Mezuzot. 2008. Acrylic on wood. Varying dimensions.
 
 
The chairs Kahn created, which are on permanent loan to the Abraham Heschel School in New York for free use, are rife with metaphor. The legs are on different planes to show that the infant must embrace her past, but it will not block her future. The images on the four chairs are different to symbolize the way children are so different. There are even places on the back of the chairs to write the names of the children.
 
The rest of the exhibit also reflects an almost fanatic attention to detail from the symbolism in the actual works to the color of the walls (toned down, meant to convey sacred space).
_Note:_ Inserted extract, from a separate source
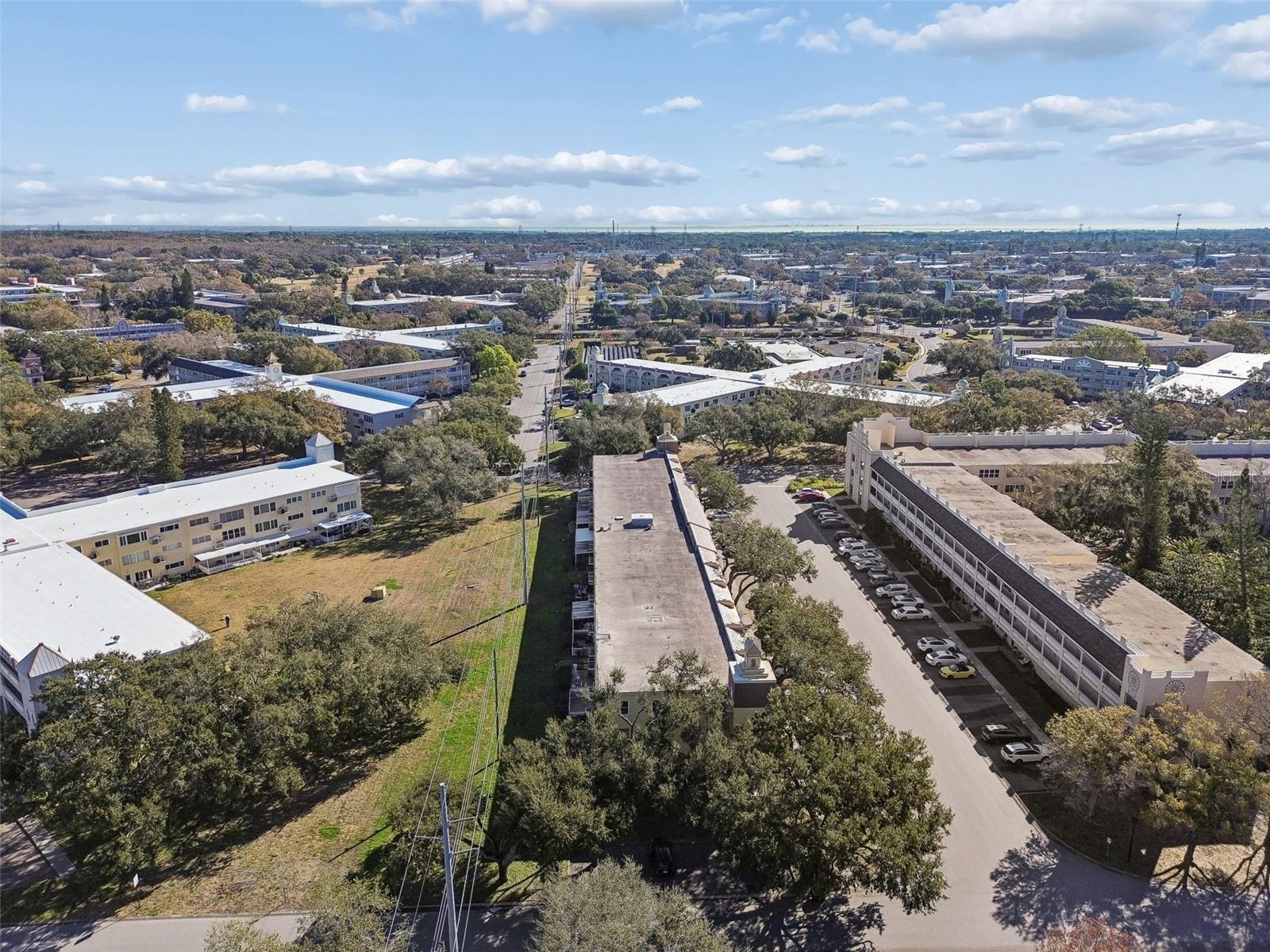 Listing photo id 48 for 2226 Switzerland Way 46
Not only do the objects have to work halachically (he insisted on kosher food and mevushal wine), but also functionally, so "there's not a havdalah candle which burns your fingers, or an Aron Kodesh [ark] door that doesn't close."
 
But however much Kahn cares about Midrash, he doesn't want his work to become a "Where's Waldo?" gimmick. "When you create art it's like creating a golem and it goes out in the world and does its own thing," he says. "I don't want to be too specific that it steals the experience away from the viewer."
 

Kahn achieves that balance of educating his audience about Judaism and art simultaneously. During the course of our phone interview, Kahn invoked the names of many artists, including James Turrell, Ellsworth Kelly, Frank Lloyd Wright, Richard Serra and Scottish architect Rennie Mackintosh. One would expect Claes Oldenburg to be proud of the gigantic Omer counter, but Kahn should be celebrated for more than just making small ritual objects larger than life. At stake in his work is the question of how Orthodox Judaism and art can co-exist. The Museum of Biblical Art has a lot of guts to show such work, and more importantly, Kahn deserves recognition for devoting his career to it.